June 2008
Features

Technology using electrophoresis recycles invert-emulsion drilling fluids

Electrophoretic migration enhances drilling fluid properties and performance and also reduces environmental impact.

Electrophoretic migration enhances drilling fluid properties and performance and also reduces environmental impact.

Karen McCosh, Sarah Wood, M-I SWACO; and Gerry Meeten, Schlumberger Cambridge Research

Applying electrophoresis to drilling fluids aids the removal of solids and brine, positively impacting its physical properties by decreasing the density and viscosity with an increase in the relative oil content. This reduces the excessive dilution that can be associated with reconditioning drilling fluids and effectively extends the drilling fluid’s useful life. The waste disposal volumes and associated costs are also reduced. Therefore, this electrophoresis technology meets both operational and environmental goals.

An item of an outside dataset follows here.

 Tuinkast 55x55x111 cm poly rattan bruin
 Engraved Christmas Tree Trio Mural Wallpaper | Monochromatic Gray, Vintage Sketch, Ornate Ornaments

After cuttings and fluids are removed from the borehole, a series of solids-control equipment is used to separate the cuttings from the fluid. The treated fluid is returned to the active drilling fluid system and recirculated back down the borehole.1 Since drilling fluids are used to drill multiple wells, fine (<5 µm) Low-Gravity Solids (LGS) build up because they cannot be removed by the separation equipment. Above 2-5% volume, the LGS can generate excessive low- and high-shear-rate viscosities, reduce drilling rates, increase stuck-pipe tendency and increase torque and drag.2

Drilling fluids are diluted to reduce the LGS concentration and reformulated back to the required properties, which is costly and increases the drilling fluid volume, which leads to storage, transportation and disposal issues. The environmental impact of continuously disposing of large fluid volumes must be addressed and disposal volumes reduced.

This article describes a method for invert-emulsion drilling fluid recycling. The method is based on the principle of electrophoretic movement of charged particles under the influence of an electric field, and is used to remove drilling fluid contaminants, to increase the effective fluid lifespan, and reduce the need for dilution and disposal.

ELECTROPHORESIS

Electrophoresis is the motion of charged, chemically identical molecules in a medium under the influence of an electric field.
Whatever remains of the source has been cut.